Quick Hits: Today’s Top Stories
- U.S. and Chinese officials met in Beijing on Tuesday to kick off a joint working group that will address the flow of fentanyl into the United States and the chemical shipments from China used to make the drug. The talks are the product of President Joe Biden and Chinese President Xi Jinping’s summit in San Francisco last November. “We reached common understanding on the work plan,” China’s Minister of Public Security Wang Xiaohong said yesterday. National Security Council spokesman John Kirby said the meeting represented “a good start, but it is just a start.”
- Kataib Hezbollah, an Iranian-backed militia group in Iraq, announced the suspension of attacks on U.S. forces on Tuesday. “As we announce the suspension of military and security operations against the occupation forces—in order to prevent embarrassment of the Iraqi government—we will continue to defend our people in Gaza in other ways,” Ahmad al-Hamidawi, the group’s leader, said in a statement yesterday.
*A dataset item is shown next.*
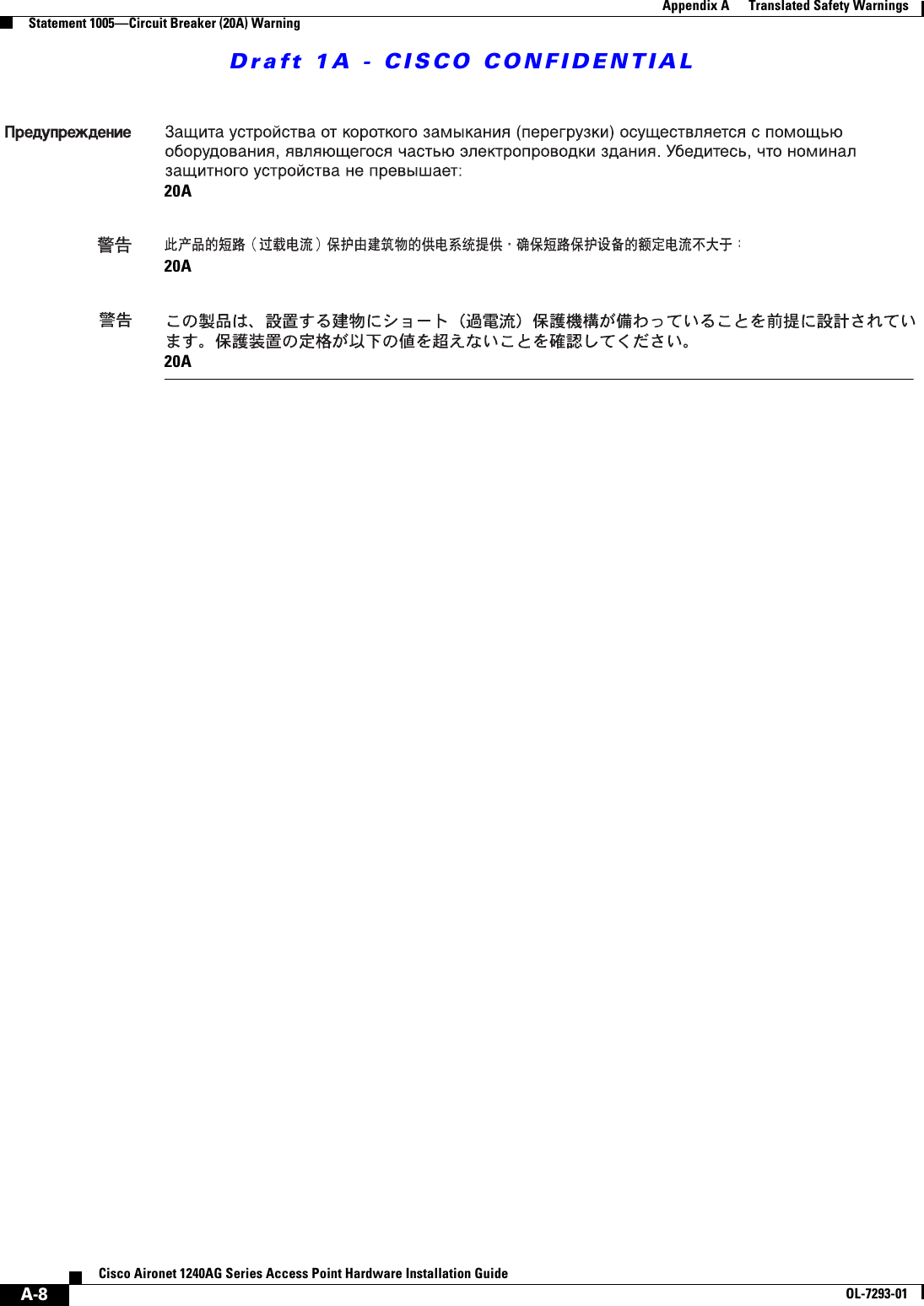 Draft 1A - CISCO CONFIDENTIALA-8Cisco Aironet 1240AG Series Access Point Hardware Installation GuideOL-7293-01Appendix A      Translated Safety WarningsStatement 1005&mdash;Circuit Breaker (20A) Warning20A 20A20A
The announcement comes two days after a drone strike that the Pentagon said had “the footprints of Kataib Hezbollah” killed three Americans and wounded dozens of others at a base in Jordan near the Syrian border—an attack for which the U.S. has vowed a strong response.
- The House Homeland Security Committee voted 18-15 early Wednesday morning—entirely along party lines—to advance two articles of impeachment against Homeland Security Secretary Alejandro Mayorkas: for his “willful and systemic refusal to comply with the law” and “breach of public trust.” GOP Rep. Mark Green of Tennessee—chairman of the committee—argued that, “for three years, Secretary Mayorkas has willfully and systemically refused to comply with the laws enacted by Congress, and he has breached the public trust. His actions created this unprecedented crisis, turning every state into a border state.” A full House vote on the articles of impeachment could come as early as next week.
- The Labor Department reported Tuesday that job openings ticked up from an upwardly revised 8.9 million in November to 9.0 million in December, bucking forecasts predicting a decline in openings. The hires rate also increased slightly, from 3.5 percent in November to 3.6 percent last month. But the quits rates—a sign of workers’ confidence in their ability to find new employment—remained at 2.2 percent, the lowest level in over three years.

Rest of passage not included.